After a woman has a hysterectomy, she may experience some light bleeding or spotting. This is normal, as organs have been removed and bleeding may occur as the body begins to heal. Normal bleeding after hysterectomy may start out red and change over to a brownish tinge. Sometimes spotting may occur off and on rather than continuously. Eventually, it may develop a pinkish coloring and then change to resemble the woman’s normal vaginal discharge.
If a woman does experience heavy bleeding after hysterectomy, she would do well to contact her doctor right away. Heavy vaginal bleeding is not considered typical after this type of surgery. In fact, it may be particularly troubling if a woman’s bleeding had slowed down or stopped before the heavy bleeding began. Most experts agree, however, that in the absence of other troubling symptoms, it is all right to wait to notify one’s doctor of light bleeding or spotting at a follow-up appointment. Bleeding accompanied by a foul smell, pain, or fever should usually be reported immediately.
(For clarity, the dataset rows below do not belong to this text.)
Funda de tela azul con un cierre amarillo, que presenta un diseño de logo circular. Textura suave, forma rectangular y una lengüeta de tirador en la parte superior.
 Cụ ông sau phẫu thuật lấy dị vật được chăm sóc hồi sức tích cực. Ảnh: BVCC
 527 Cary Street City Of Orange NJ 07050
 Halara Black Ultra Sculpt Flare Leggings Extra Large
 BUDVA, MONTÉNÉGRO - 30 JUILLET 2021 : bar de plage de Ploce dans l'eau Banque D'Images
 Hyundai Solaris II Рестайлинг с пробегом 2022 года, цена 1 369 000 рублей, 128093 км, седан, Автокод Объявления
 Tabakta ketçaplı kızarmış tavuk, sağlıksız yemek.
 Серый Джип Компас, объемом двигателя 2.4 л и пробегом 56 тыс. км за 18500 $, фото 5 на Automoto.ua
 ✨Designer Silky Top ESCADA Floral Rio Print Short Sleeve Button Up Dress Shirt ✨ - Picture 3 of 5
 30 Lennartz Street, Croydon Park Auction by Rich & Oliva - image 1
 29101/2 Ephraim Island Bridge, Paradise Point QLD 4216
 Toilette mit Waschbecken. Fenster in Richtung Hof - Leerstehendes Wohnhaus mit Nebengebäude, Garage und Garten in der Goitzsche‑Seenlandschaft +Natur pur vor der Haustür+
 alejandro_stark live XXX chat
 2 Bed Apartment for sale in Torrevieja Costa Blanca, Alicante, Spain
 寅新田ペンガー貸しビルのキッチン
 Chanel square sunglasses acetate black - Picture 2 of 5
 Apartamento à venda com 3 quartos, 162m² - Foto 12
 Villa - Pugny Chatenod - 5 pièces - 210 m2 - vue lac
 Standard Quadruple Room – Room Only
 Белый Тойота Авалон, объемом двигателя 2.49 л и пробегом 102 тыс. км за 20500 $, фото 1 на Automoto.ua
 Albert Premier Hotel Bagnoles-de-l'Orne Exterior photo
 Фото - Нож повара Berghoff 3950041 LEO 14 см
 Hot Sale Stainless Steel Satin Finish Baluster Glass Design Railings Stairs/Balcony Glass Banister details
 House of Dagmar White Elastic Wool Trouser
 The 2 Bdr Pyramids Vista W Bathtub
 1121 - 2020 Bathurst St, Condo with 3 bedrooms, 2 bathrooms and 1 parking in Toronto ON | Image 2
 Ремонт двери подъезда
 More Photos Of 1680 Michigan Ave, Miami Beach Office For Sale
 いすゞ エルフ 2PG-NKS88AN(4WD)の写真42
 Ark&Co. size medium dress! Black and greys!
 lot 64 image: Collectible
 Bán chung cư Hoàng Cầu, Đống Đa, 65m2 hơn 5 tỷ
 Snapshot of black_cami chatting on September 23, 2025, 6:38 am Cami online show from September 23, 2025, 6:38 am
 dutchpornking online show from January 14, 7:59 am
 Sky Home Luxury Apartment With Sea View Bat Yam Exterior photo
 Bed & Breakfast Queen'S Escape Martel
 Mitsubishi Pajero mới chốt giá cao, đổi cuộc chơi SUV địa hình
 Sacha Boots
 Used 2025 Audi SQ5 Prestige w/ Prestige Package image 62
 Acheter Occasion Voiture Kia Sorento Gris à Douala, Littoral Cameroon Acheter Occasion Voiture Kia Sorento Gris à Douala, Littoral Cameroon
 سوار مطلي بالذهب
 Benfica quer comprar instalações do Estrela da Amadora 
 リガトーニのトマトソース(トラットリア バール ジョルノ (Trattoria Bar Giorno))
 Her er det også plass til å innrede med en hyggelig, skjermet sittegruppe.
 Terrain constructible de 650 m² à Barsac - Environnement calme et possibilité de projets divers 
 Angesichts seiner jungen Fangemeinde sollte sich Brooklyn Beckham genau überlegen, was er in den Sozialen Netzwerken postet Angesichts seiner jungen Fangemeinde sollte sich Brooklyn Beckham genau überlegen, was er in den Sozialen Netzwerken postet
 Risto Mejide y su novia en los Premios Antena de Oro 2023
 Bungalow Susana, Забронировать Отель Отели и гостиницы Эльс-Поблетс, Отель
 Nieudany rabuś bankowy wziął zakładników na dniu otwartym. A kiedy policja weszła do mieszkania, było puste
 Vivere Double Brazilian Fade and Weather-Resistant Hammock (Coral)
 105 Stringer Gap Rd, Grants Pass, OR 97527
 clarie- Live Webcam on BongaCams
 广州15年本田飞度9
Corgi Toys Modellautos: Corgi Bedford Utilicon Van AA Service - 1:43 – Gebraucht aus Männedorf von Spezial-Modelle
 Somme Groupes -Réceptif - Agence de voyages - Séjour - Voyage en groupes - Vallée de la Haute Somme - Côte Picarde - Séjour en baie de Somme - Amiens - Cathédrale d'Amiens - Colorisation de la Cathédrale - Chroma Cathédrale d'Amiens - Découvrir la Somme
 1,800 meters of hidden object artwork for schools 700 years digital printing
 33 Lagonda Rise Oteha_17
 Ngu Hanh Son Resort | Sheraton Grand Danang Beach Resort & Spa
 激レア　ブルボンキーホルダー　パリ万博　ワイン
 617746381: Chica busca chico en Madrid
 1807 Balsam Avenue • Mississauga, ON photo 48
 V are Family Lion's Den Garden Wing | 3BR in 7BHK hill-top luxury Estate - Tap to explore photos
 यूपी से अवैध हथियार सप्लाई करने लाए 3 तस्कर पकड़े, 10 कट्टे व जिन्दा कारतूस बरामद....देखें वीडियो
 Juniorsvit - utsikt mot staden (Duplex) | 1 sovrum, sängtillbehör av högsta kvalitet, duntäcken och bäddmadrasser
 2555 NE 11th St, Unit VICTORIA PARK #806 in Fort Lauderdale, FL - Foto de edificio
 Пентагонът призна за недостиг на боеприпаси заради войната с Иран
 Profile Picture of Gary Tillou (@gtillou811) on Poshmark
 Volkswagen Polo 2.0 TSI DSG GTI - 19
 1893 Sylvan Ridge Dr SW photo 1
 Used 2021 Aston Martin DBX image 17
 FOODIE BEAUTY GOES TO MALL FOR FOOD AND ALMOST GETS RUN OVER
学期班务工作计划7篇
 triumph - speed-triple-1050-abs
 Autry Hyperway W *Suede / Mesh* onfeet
Sometimes it is not the amount of bleeding after hysterectomy that causes concern, but the length of time it continues. In most cases, vaginal bleeding tapers off during the recovery period. If a woman is still experiencing vaginal bleeding after her six-to-eight week recovery period has ended, for example, she needs to inform her doctor.
It is important to note there are times when moderate to relatively heavy, bright red bleeding after hysterectomy is normal instead of an indication of a problem. If a woman has only had her uterus removed through a hysterectomy and her cervix and ovaries are left in place, she may think she is bleeding because of the hysterectomy when she is actually having a menstrual period. Still, mentioning the bleeding to her doctor may help a woman to feel confident that all is well with her health.